_RECORDS FOR THE EXERCISE_:
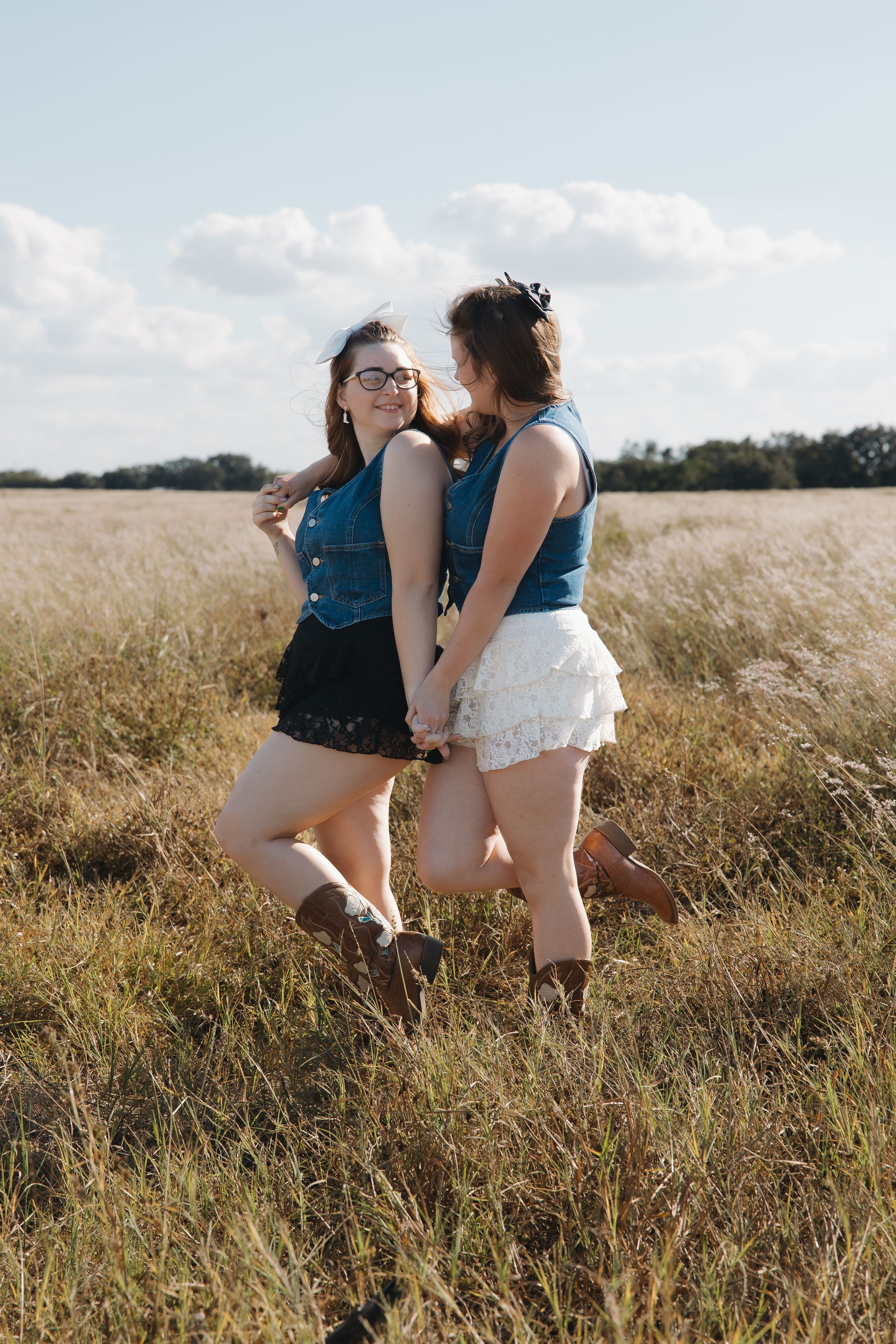 Two friends sharing joyful moment together in golden summer field.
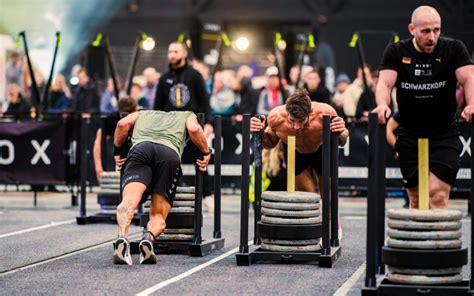 Atleten die de Sled Push uitvoeren tijdens een HYROX wedstrijd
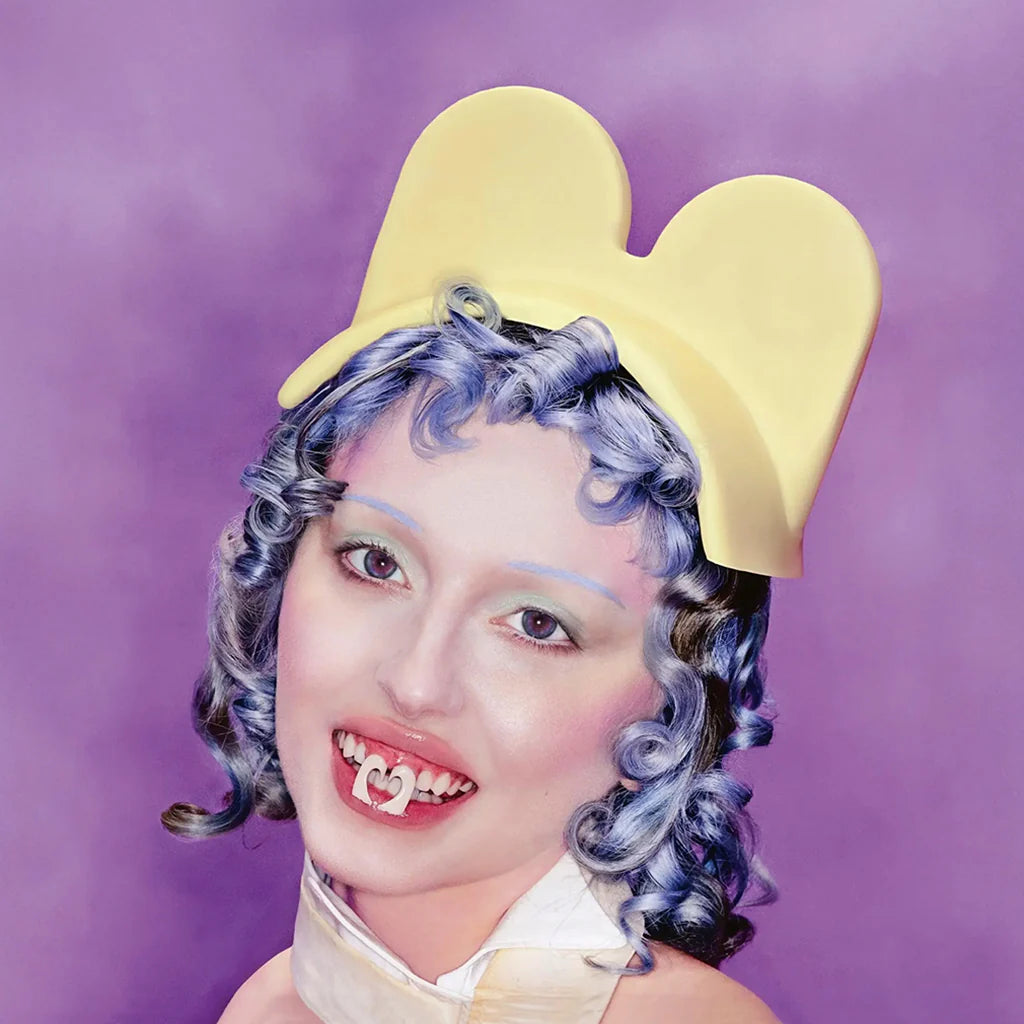 Yellow vinyl LP of Ashnikko's Smoochies album, featuring rock, indie, and pop music by Warner Music Group.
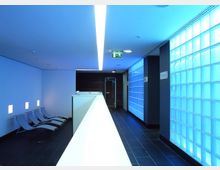 Moderner Innenraum eines Gebäudes mit bläulich beleuchteten Glasbausteinwänden, schwarzen Fliesen, einer Reihe von Liegestühlen auf der linken Seite und einer Sicherheitsbeleuchtung über einem Flur. Die Decke hat ein langes, eingelassenes Lichtband.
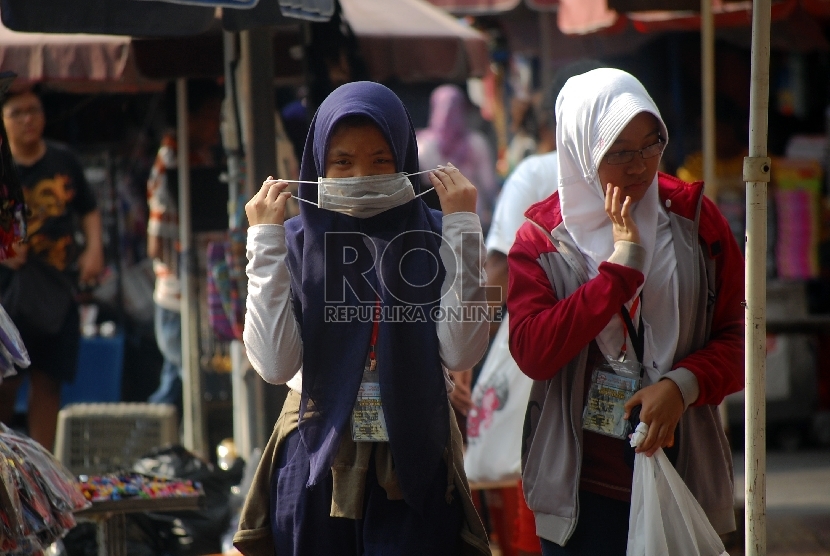 Wanita menggunakan masker untuk menghindari polusi udara.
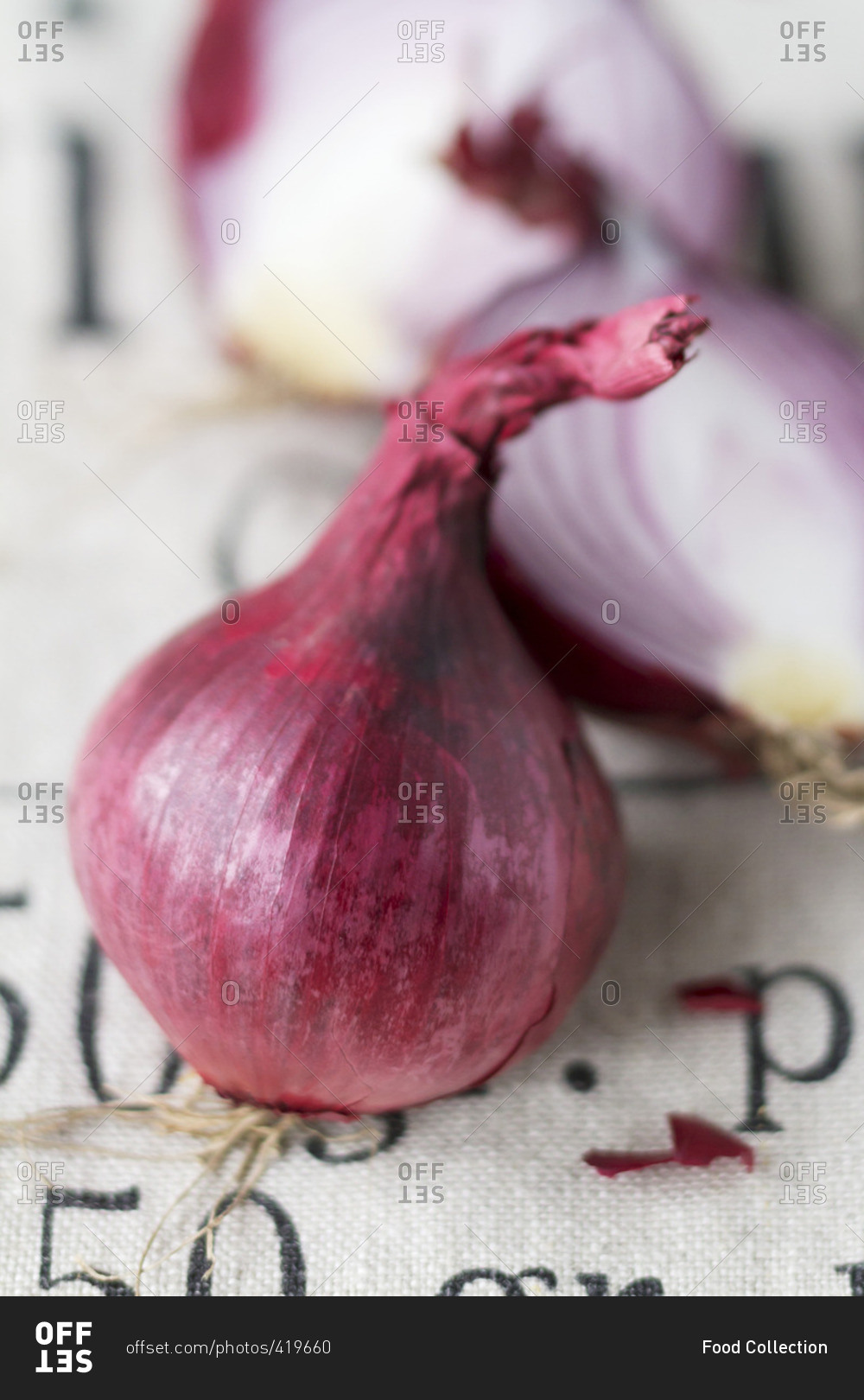 A halved and a whole red onion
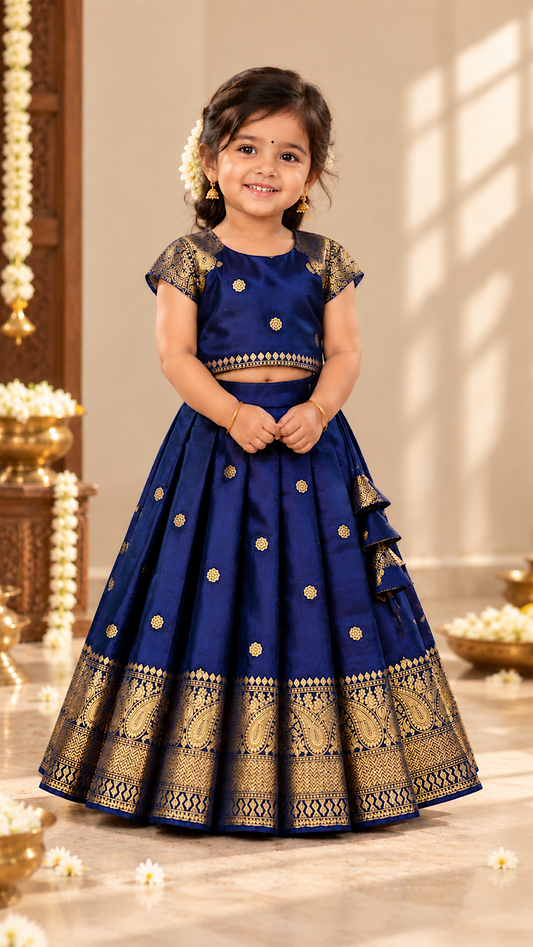 Royal blue kids pattu pavadai featuring gold zari woven motifs and traditional paisley border on the pleated skirt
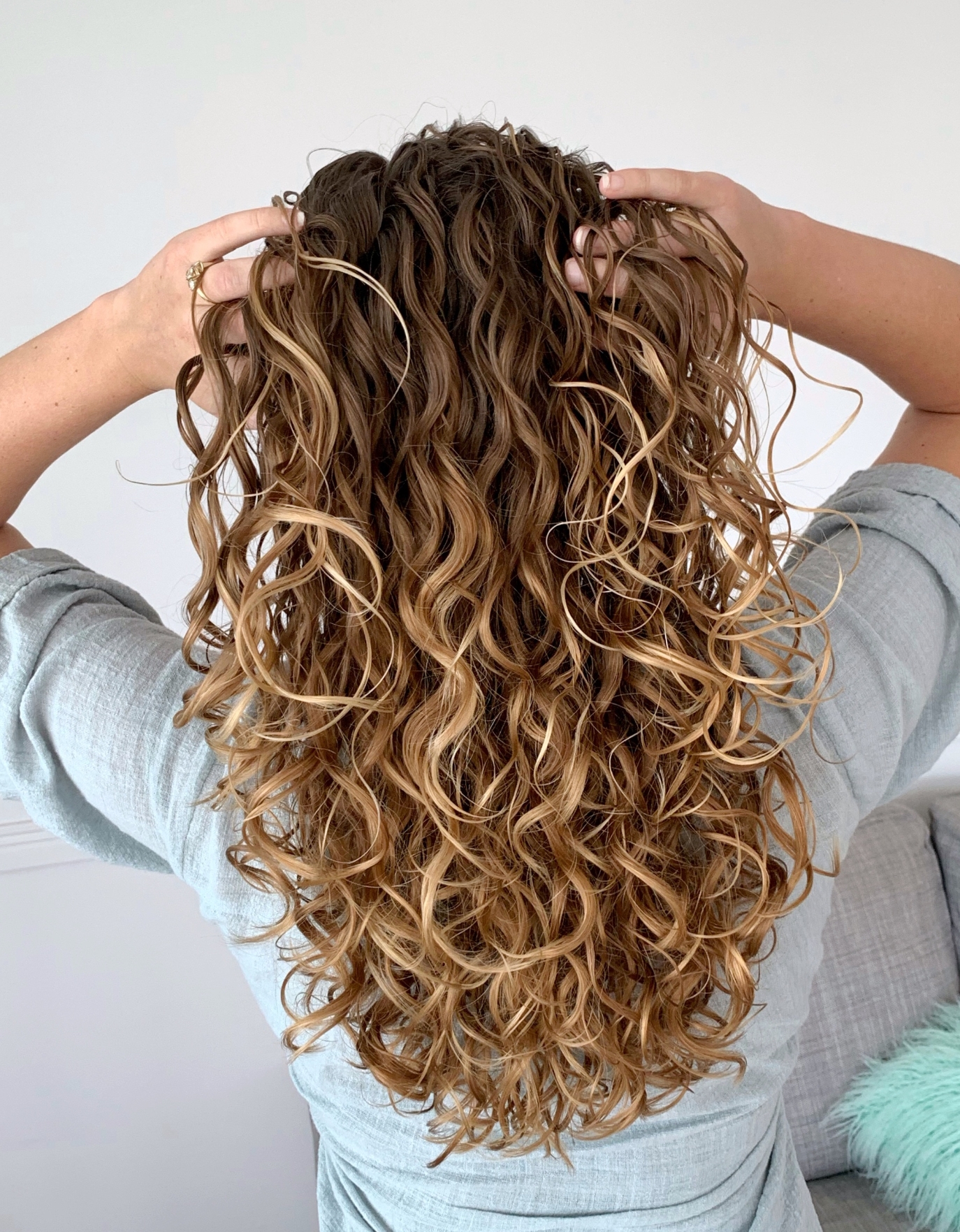 The Best Hairstyles for Long Curly Hair  The Skincare Edit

_EXERCISE OBJECTIVE_: Begin at the line containing "Moderner Innenraum eines" and restate exactly every line through the end of the material, skipping the pictures.

_SOLUTION_:
 Moderner Innenraum eines Gebäudes mit bläulich beleuchteten Glasbausteinwänden, schwarzen Fliesen, einer Reihe von Liegestühlen auf der linken Seite und einer Sicherheitsbeleuchtung über einem Flur. Die Decke hat ein langes, eingelassenes Lichtband.
 Wanita menggunakan masker untuk menghindari polusi udara.
 A halved and a whole red onion
 Royal blue kids pattu pavadai featuring gold zari woven motifs and traditional paisley border on the pleated skirt
 The Best Hairstyles for Long Curly Hair  The Skincare Edit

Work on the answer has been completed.